Please take a moment to watch the video

http://www.oberondesign.com/iPadvid01.php

Oberondesign.com


----------



## rho (Feb 12, 2009)

They are beautiful  -- guess I will be saving up for one of them and maybe I will be able to narrow down the one I like best by then


----------



## OberonDesign.com (Nov 30, 2009)

Thanks.. We are proud of that video.. Just shot today.. Lol you can see the date on the iPad


----------



## Cindy416 (May 2, 2009)

I agree. They're beautiful, and I'll be ordering one as soon as I've paid off my iPad.


----------



## OberonDesign.com (Nov 30, 2009)

We will be here when you are ready !


----------



## sixnsolid (Mar 13, 2009)

I ordered


----------



## OberonDesign.com (Nov 30, 2009)

Which one .


----------



## Anne (Oct 29, 2008)

Great Video. I cannot remember do you take Pay Pal?


----------



## Anne (Oct 29, 2008)

I just ordered Hokusai Wave in Chocolate.


----------



## sixnsolid (Mar 13, 2009)

OberonDesign.com said:


> Which one .


Tree of Life in chocolate


----------



## OberonDesign.com (Nov 30, 2009)

We do take paypal! Great choices on the covers!


----------



## kwajkat (Nov 6, 2008)

Okay so I am drooling and dragging my knuckles on the floor wanting one.  However I do wish you would make the Hokusai Wave with the whole design covering the whole cover. That would make it a drop dead glorious design. Also the dragon would look really great over the whole cover. So maybe you will do that by the time I can get the money saved up to get it.


----------



## gadgetgirl003 (Mar 22, 2009)

I'm fairly certain that I see  the  sky blue Dragonfly Pond in my future.


----------



## Koi (Apr 28, 2010)

Oh man~  Kwajkat, you have read my mind.  I have always longed for the Hokusai wave to be the full print done in a wrap around design.


----------



## ayuryogini (Jan 3, 2010)

Yay!!! On Oberon watch.

I just ordered the Roof of Heaven in Purple;

I've been lamenting the dearth of purple iPad covers, and fell in love with an Italian handmade cover in brown; however, like a lot of the leather covers on the market right now, this one had a wide margin of leather around the iPad edges, covering it up more than I like.
I love that you used the straps so that the iPad is very visible.

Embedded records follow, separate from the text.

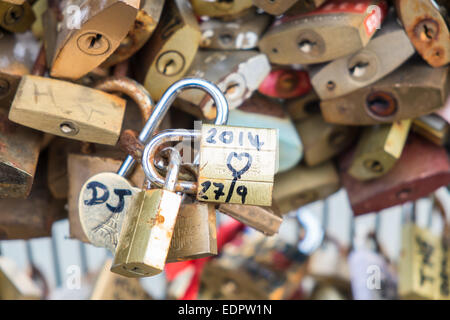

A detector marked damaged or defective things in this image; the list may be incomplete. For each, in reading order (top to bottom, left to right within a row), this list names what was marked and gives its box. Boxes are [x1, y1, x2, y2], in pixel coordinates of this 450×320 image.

corroded lock [0, 0, 35, 32]
corroded lock [8, 74, 126, 144]
corroded lock [44, 0, 140, 79]
corroded lock [101, 0, 166, 67]
corroded lock [111, 149, 184, 276]
corroded lock [134, 0, 201, 101]
corroded lock [189, 0, 253, 19]
corroded lock [178, 50, 270, 120]
corroded lock [200, 8, 270, 50]
corroded lock [258, 69, 312, 99]
corroded lock [270, 162, 342, 215]
corroded lock [258, 0, 388, 65]
corroded lock [296, 114, 358, 166]
corroded lock [310, 10, 414, 100]
corroded lock [348, 119, 412, 181]
corroded lock [322, 58, 448, 125]
corroded lock [340, 134, 450, 216]
corroded lock [396, 0, 448, 67]
corroded lock [90, 260, 152, 300]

I've been wanting the purple ROH for a long time, but couldn't really justify it for my Kindle, as I still have a beautiful blue one for my Kindle that I haven't even used yet.
To have one for my iPad will be the perfect solution. 

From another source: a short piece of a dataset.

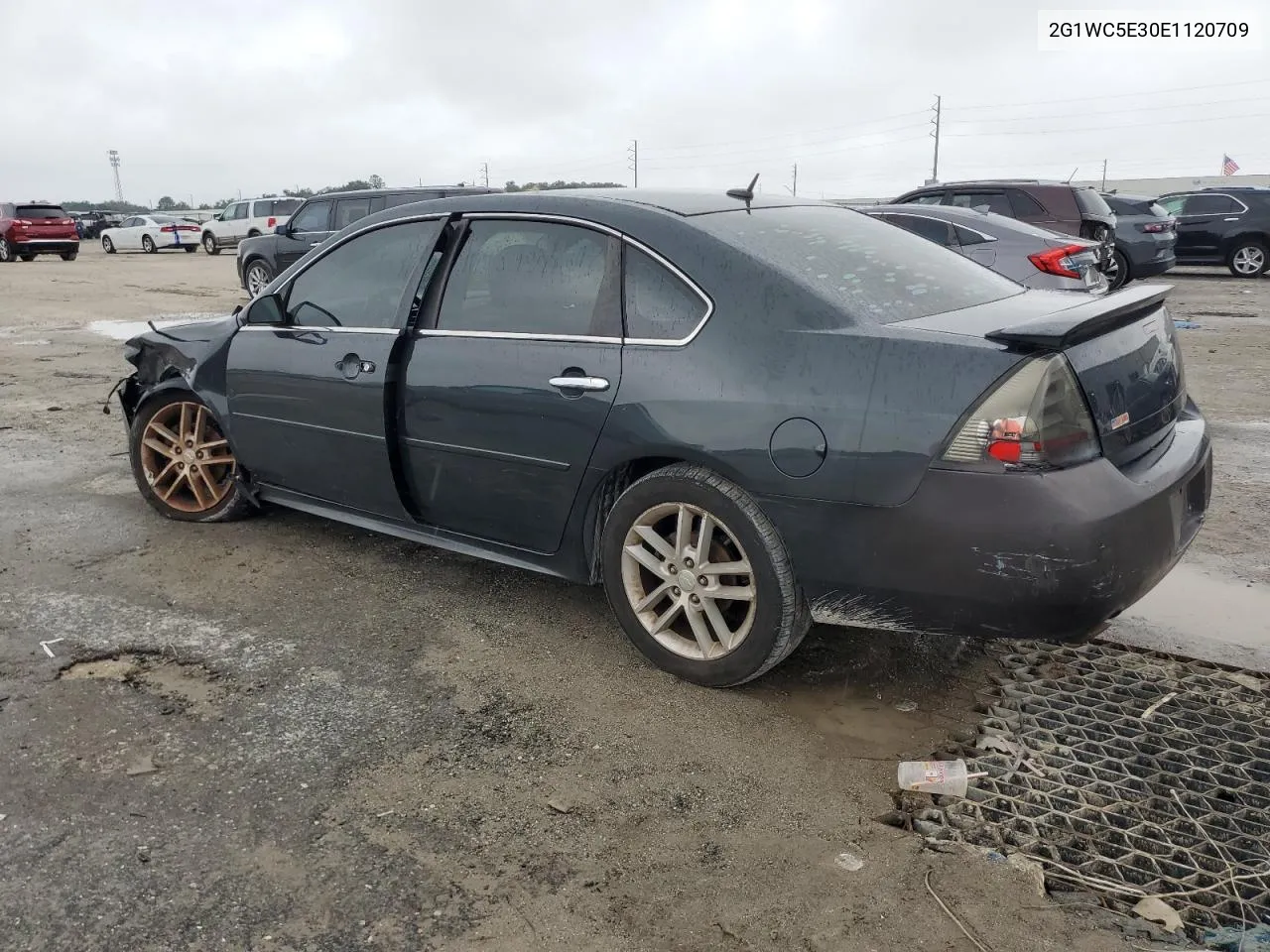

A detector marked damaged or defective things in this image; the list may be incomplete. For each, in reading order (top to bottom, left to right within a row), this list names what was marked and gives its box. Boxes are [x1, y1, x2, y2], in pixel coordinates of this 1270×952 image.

I also love the video, especially where he shows how the leather crinkles a tiny bit (when the cover is folded back), and says something to the effect that, if this bothers you, you may not want to purchase one.
I love your company: the individualized and stellar Customer Service, the lack of hype, the quality of your merchandise.

Thanks, Oberon, I can hardly wait for my new cover.


----------



## OberonDesign.com (Nov 30, 2009)

What a lovely note, thank you so much!  We try to be honest and up front with customers.. I really am glad the video was added so everyone can see the product and decide what is right for them.  We want you to be happy with your purchase and know what you are getting.. thank you so much for your words and your order!


----------



## jaspertyler (Feb 13, 2009)

I really liked the video   

I'm on the fence.  I was hoping for the peacock   

I can't wait to see everyone's covers!


----------



## OberonDesign.com (Nov 30, 2009)

Peacock was not added because it was not a great seller.. We went with our mod ordered images


----------